Georgia’s governor had seen Deliverance at its Atlanta premier in 1972, felt the pull of the Chattooga, and through the Georgia Department of Natural Resources, made contact with Claude Terry, a microbiologist at Emory University. Terry quickly set up a trip for the future president on an intermediate section of the river, contacting eight friends who were skilled canoeists to serve as guides, each bringing a boat with space for a guest paddler. I was one of the guides.

That year the weather smiled and the river flowed at an optimum level. Carter, his son Jack, and staff friends part of the Georgia Department of Natural Resources felt both the beauty and challenge of the trip down the Chattooga.
After all the other pairs had portaged their canoes, the governor, with Terry as his partner, made a successful descent of Bull Sluice, a formidable plunging, twisting rapid rarely attempted by tandem open-canoe teams.
Carter would return the next year running a solo kayak, having practiced rolling with us during the winter at the Georgia State University pool in Atlanta. His lines were precise, and he never needed his newly acquired roll. We were also impressed by his candor as he spoke of his successes and failures as governor and described his plan for the country as president, even though the election was still three years to come.

When he returned the following year, after that winter practice at Georgia State, Carter wanted the whole challenge—the most difficult whitewater the Chattooga could offer: the rapids featured in Deliverance. We were be happy to oblige. As had been the case on his two previous trips, he came not for publicity but because the river was dear to his heart. No photographers or state troopers accompanied him. Only his wife, Rosalynn, was by his side. They would run this section of the river by raft, a prudent choice.
Rosalynn would prove herself once more. When their guide missed his line at Seven Foot Falls, standing the raft on edge in the precipitous plunge, it was she alone who held her position, retrieving the others from the churning water below.
Less than a year later, in May 1974, the Chattooga officially became a wild river under the Wild and Scenic Rivers Act. Many folks worked tirelessly, but it was largely the advocacy of Jimmy Carter that made the protection possible.
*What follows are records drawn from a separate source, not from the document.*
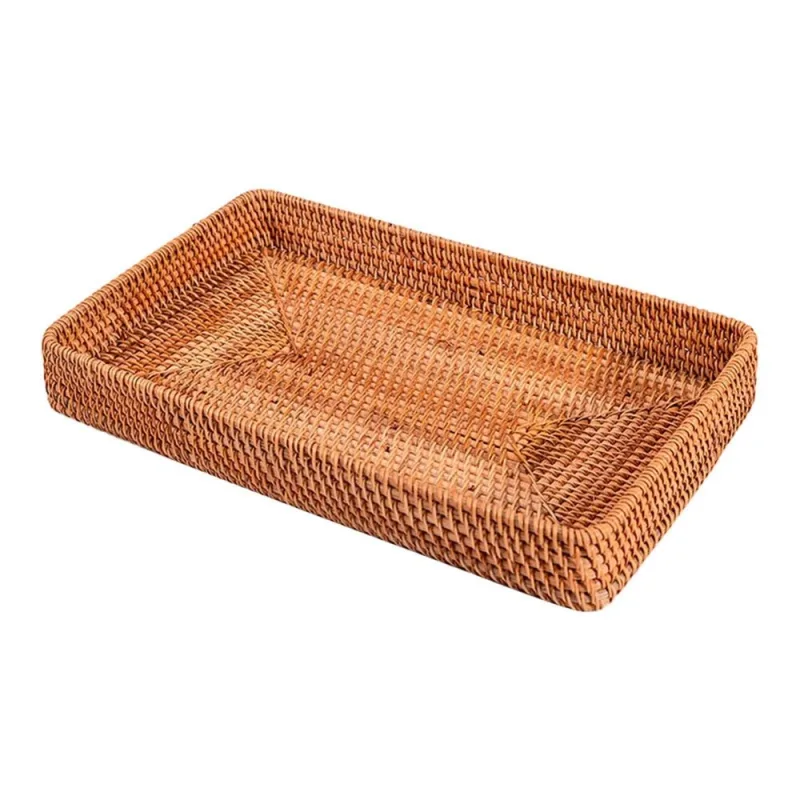 1 Pcs Wicker Storage Basket, Rattan Tray Rectangular Decorative Serving Woven Trays, Wicker Baskets Food Serving Holders for Storage Home Kitchen Restaurant Decor 1 Pcs Wicker Storage Basket, Rattan Tray Rectangular Decorative Serving Woven Trays, Wicker Baskets Food Serving Holders for Storage Home Kitchen Restaurant Decor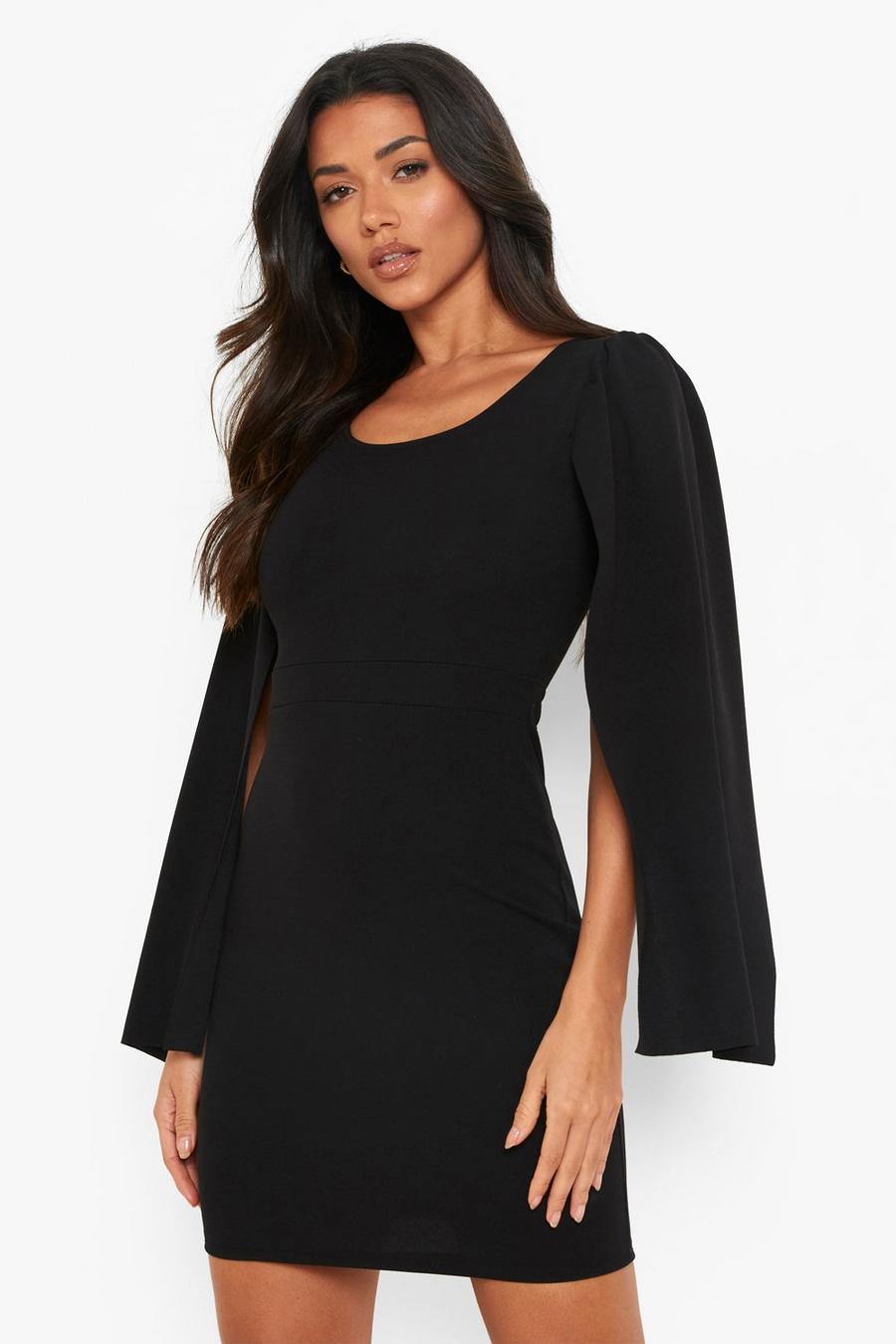שחור שמלת מיני עם צווארון מרובע ושרוולים בסגנון שכמייה image number 1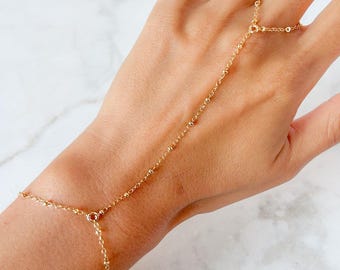 Handmade Gold Filled Dainty Satellite Beaded Hand Chain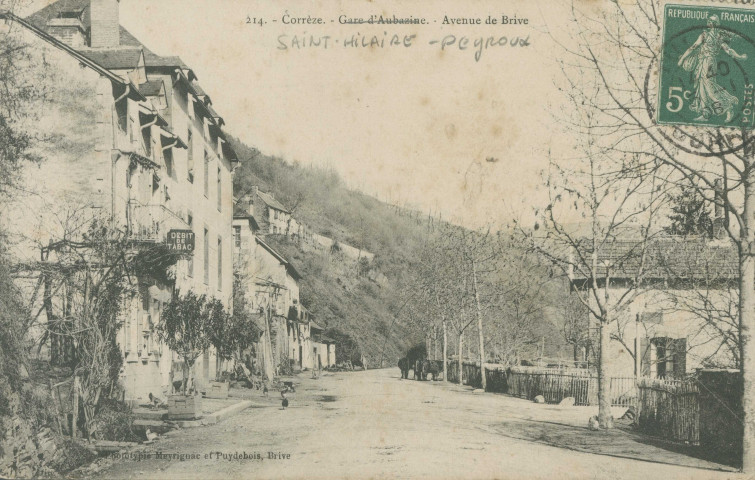 Saint-Hilaire-Peyroux : "214. - Corrèze. - Gare d'Aubazine. - Avenue de Brive".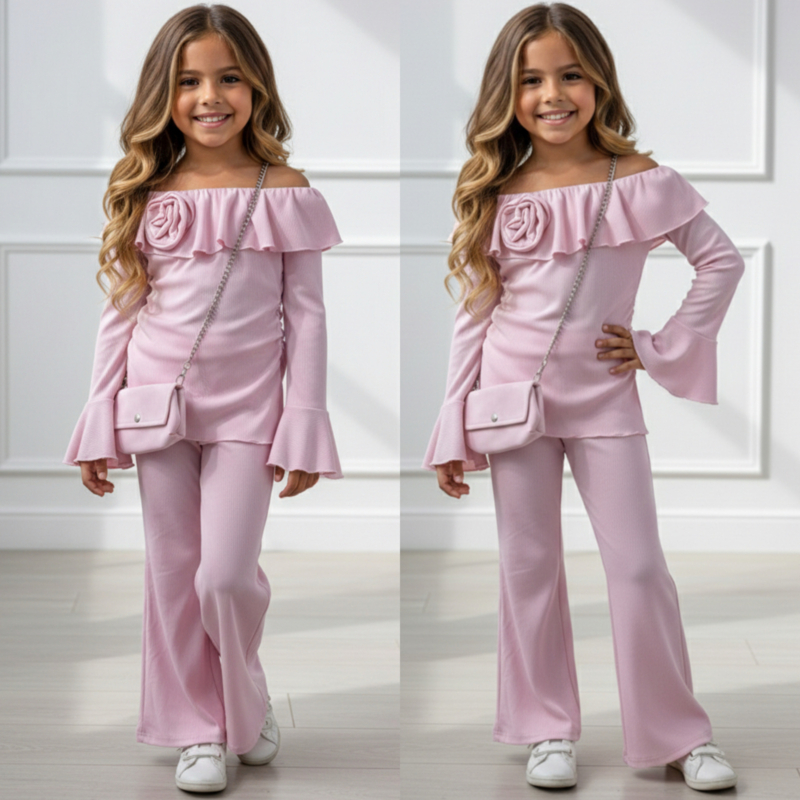 Rosette Off-Shoulder Lounge Set - roze (verzenddatum 2 mrt)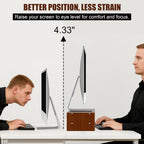 Monitor Stand Riser with Storage, 2 Tier Desk Organizer & Desktop Wood Shelf, Ergonomic Computer Stand for Laptop, PC & Printer, 16" Small TV Riser with 50 lbs Weight Capacity, Walnut Brown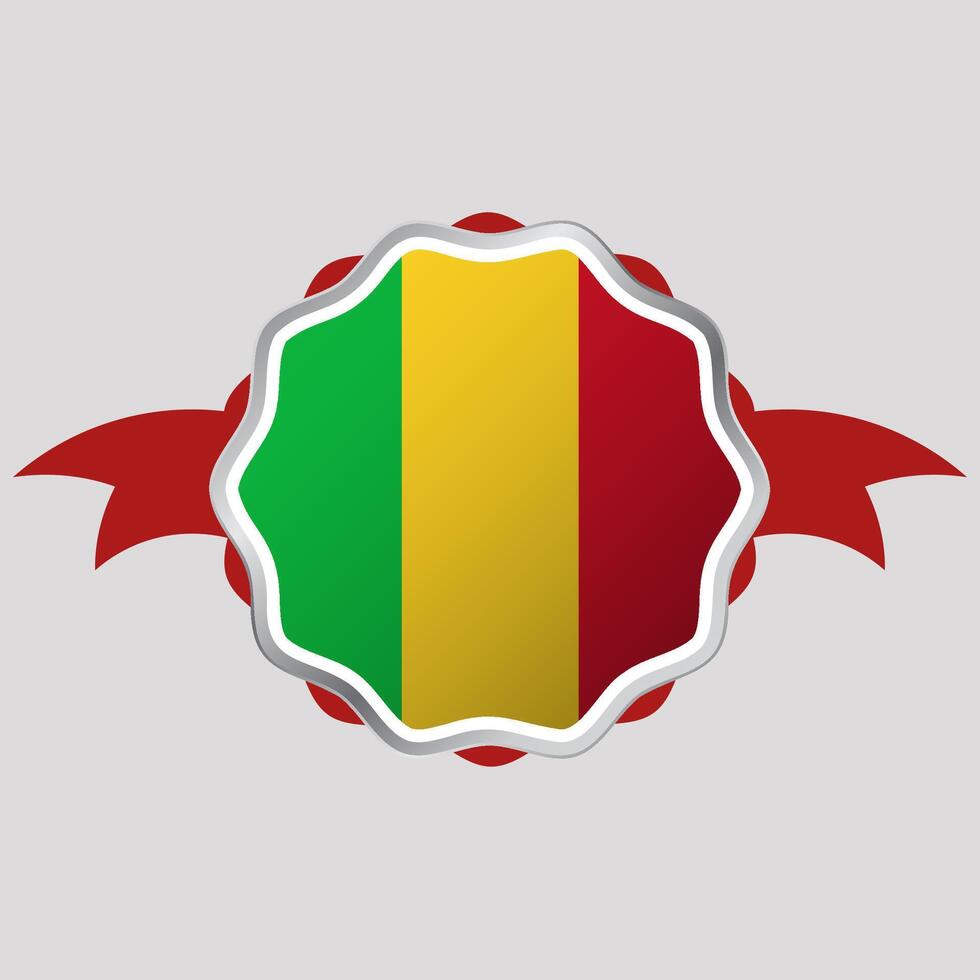 Creative Mali Flag Sticker Emblem vector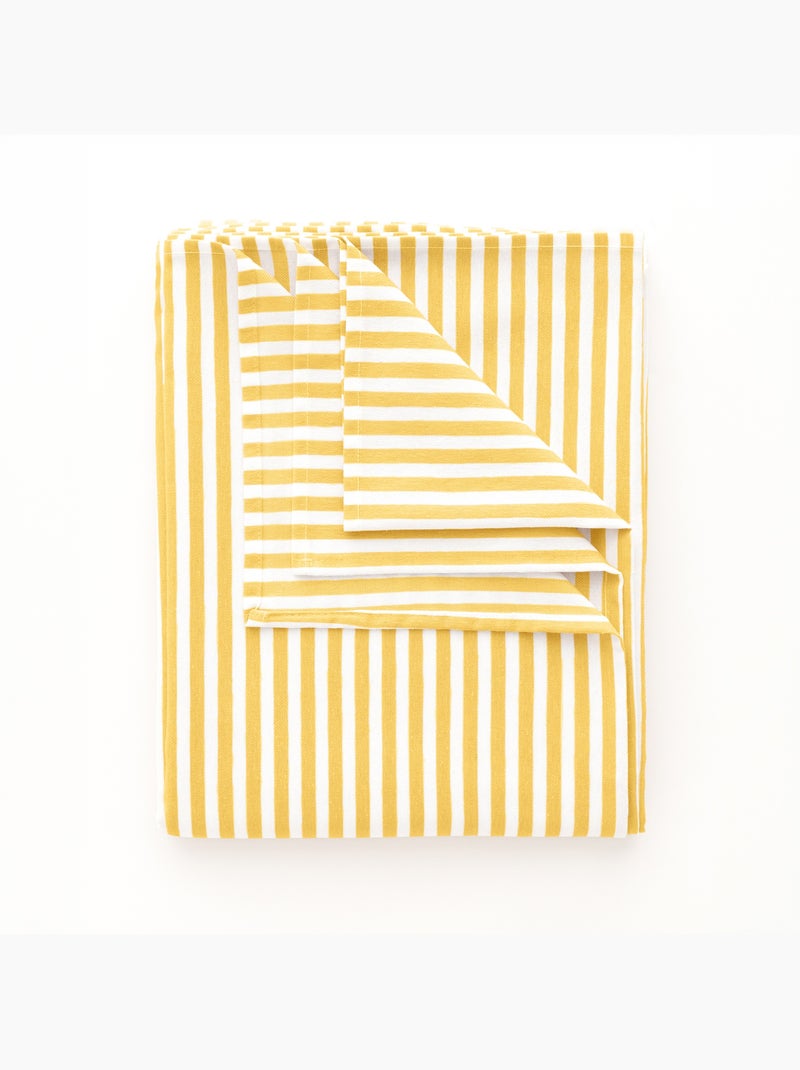 Nappe anti-taches en coton à fines rayures - gamusi. Jaune - Kiabi
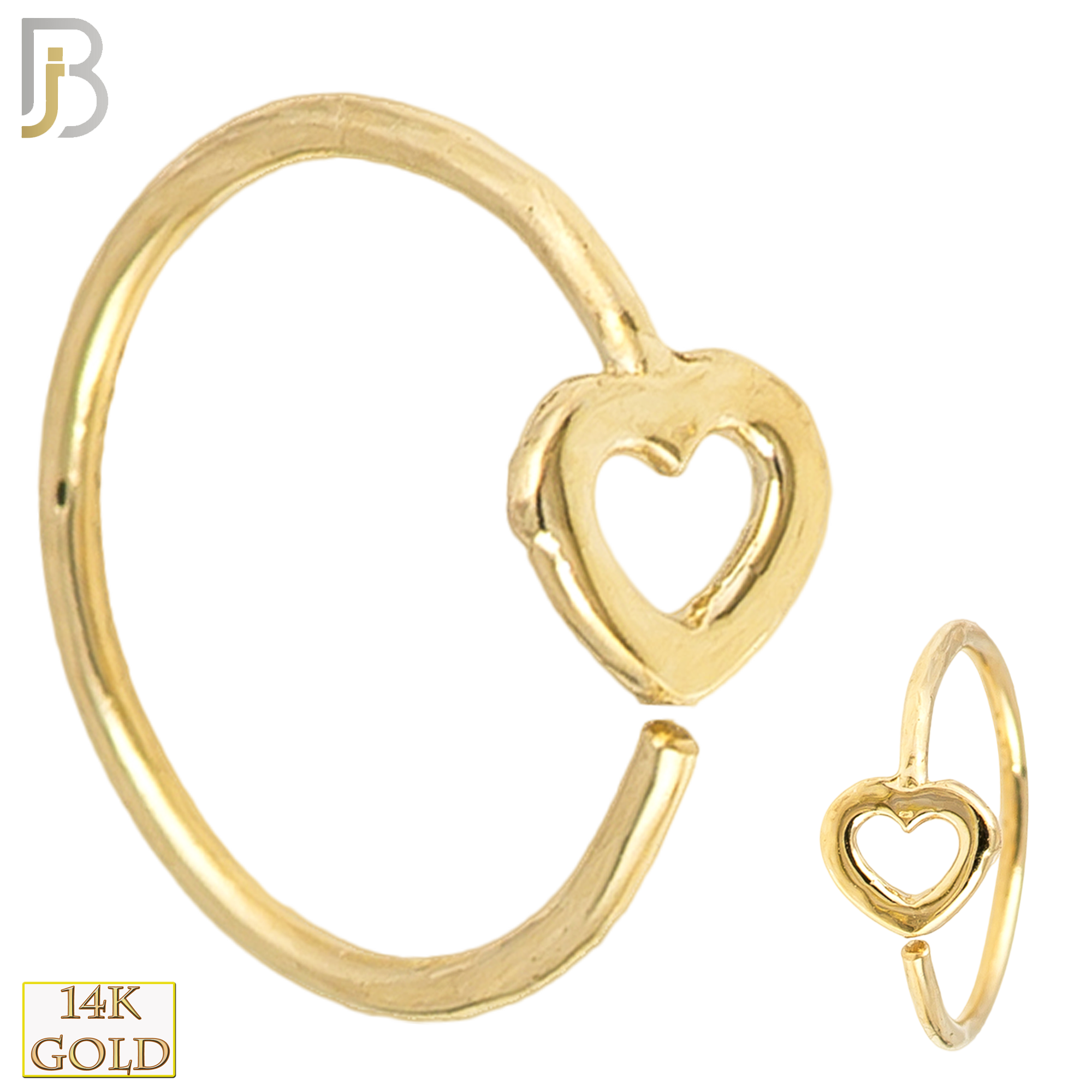 14-CT06 - 14k Solid Gold Hollow Heart Design Hoops Piercing Twist top Open image 0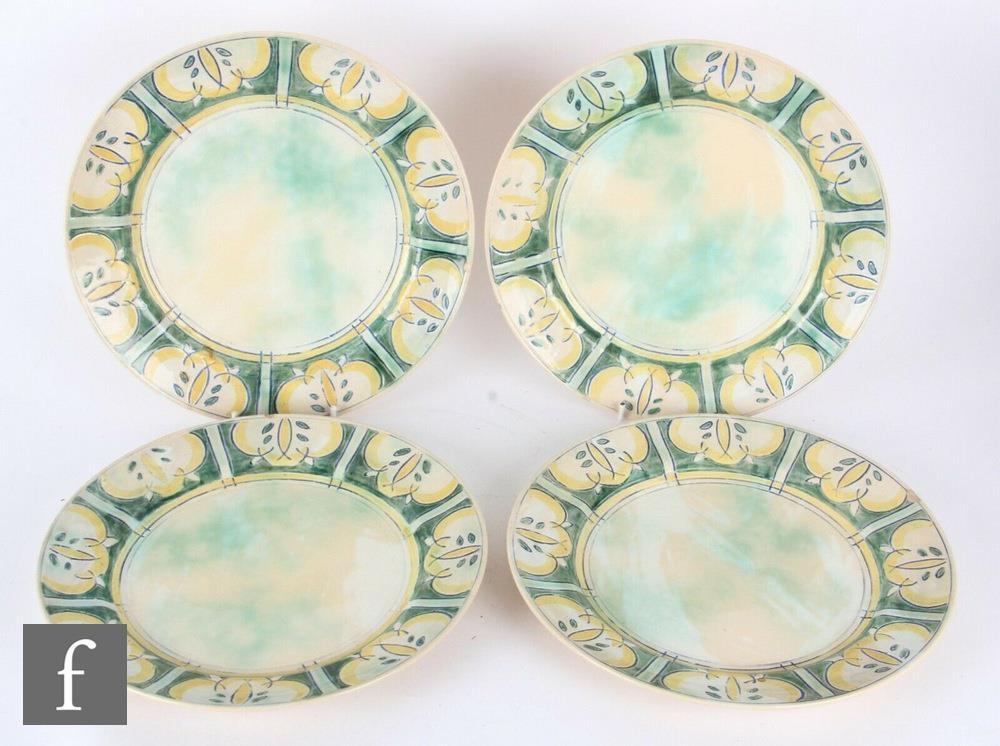 A 1920s Frank Brangwyn for Royal Doulton part dinner service comprising three graduated meat plates, - Image 6 of 9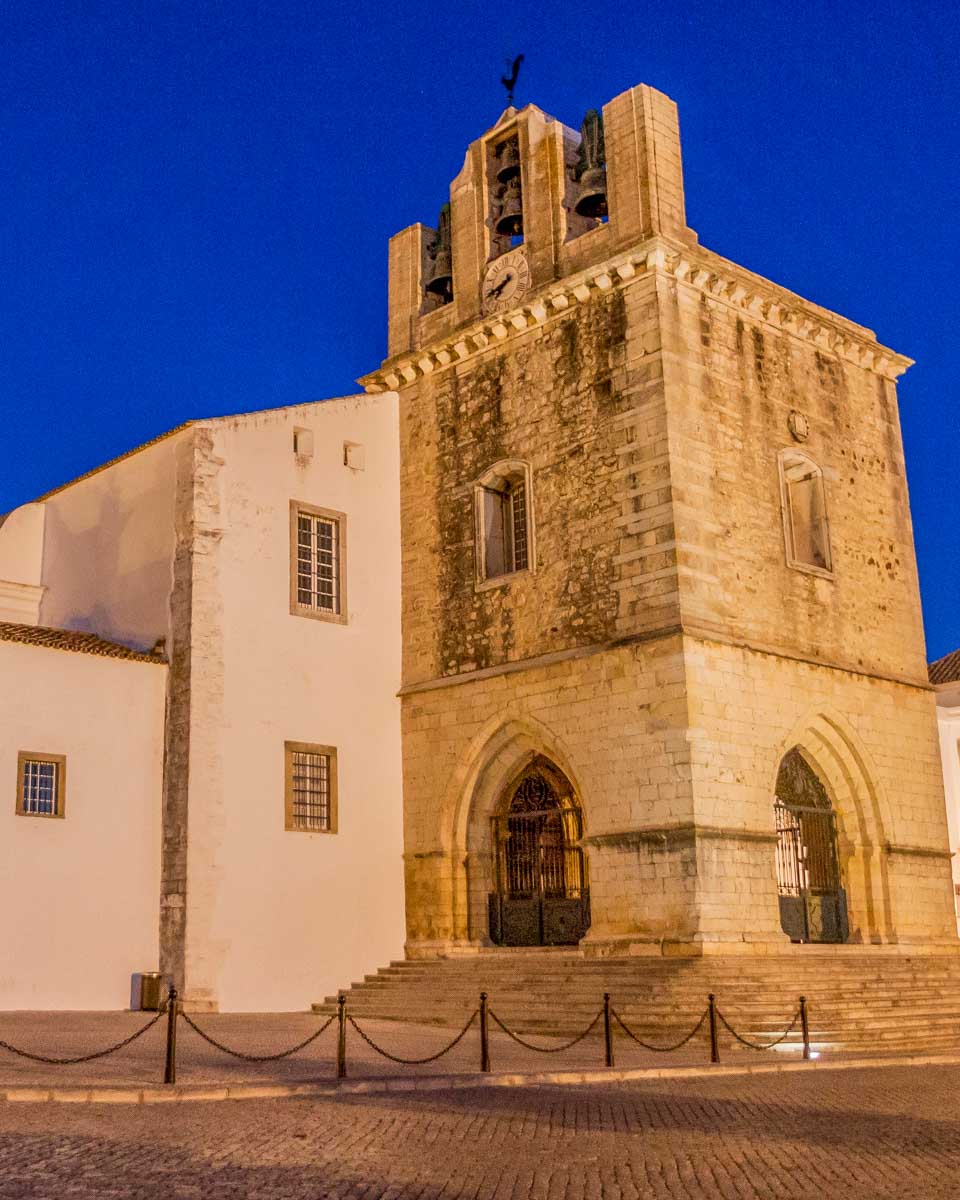 Evening view of the Cathedral of Faro (Se de Faro) seen in Faro Portugal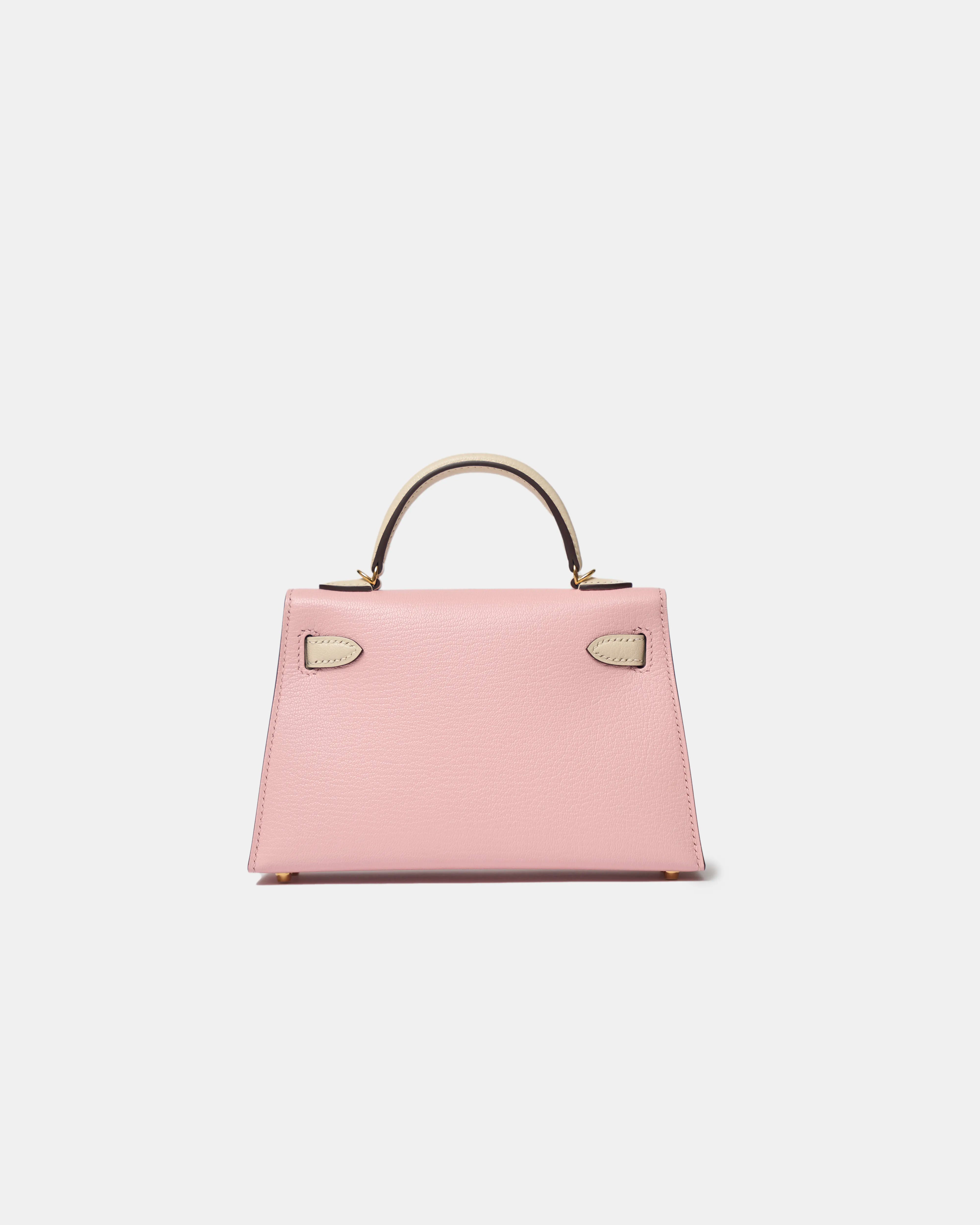 Hermès Mini Kelly Chevre Rose Sakura / Nata GHW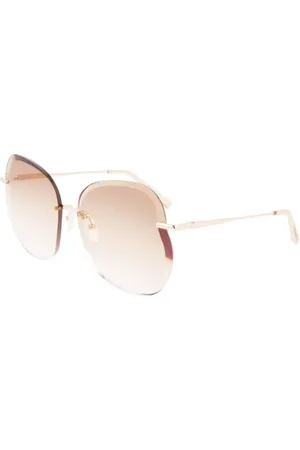 Longchamp Tilbehør, Dame, Gul, ONE SIZE, Uld, Gyldne Metal Solbriller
It was during his years as president that Jimmy Carter was able to have the greatest impact on the environment of our nation. He successfully de-authorized 16 water-reclamation projects in an effort to restore natural water flow and keep the rivers as they should be—wild.
Before leaving office, Carter designated, along with a host of national parks and monuments, 25 new Wild and Scenic rivers in Alaska, more than doubling the total number as well as the total mileage of all Wild and Scenic rivers. It’s a legacy that may well remain unmatched.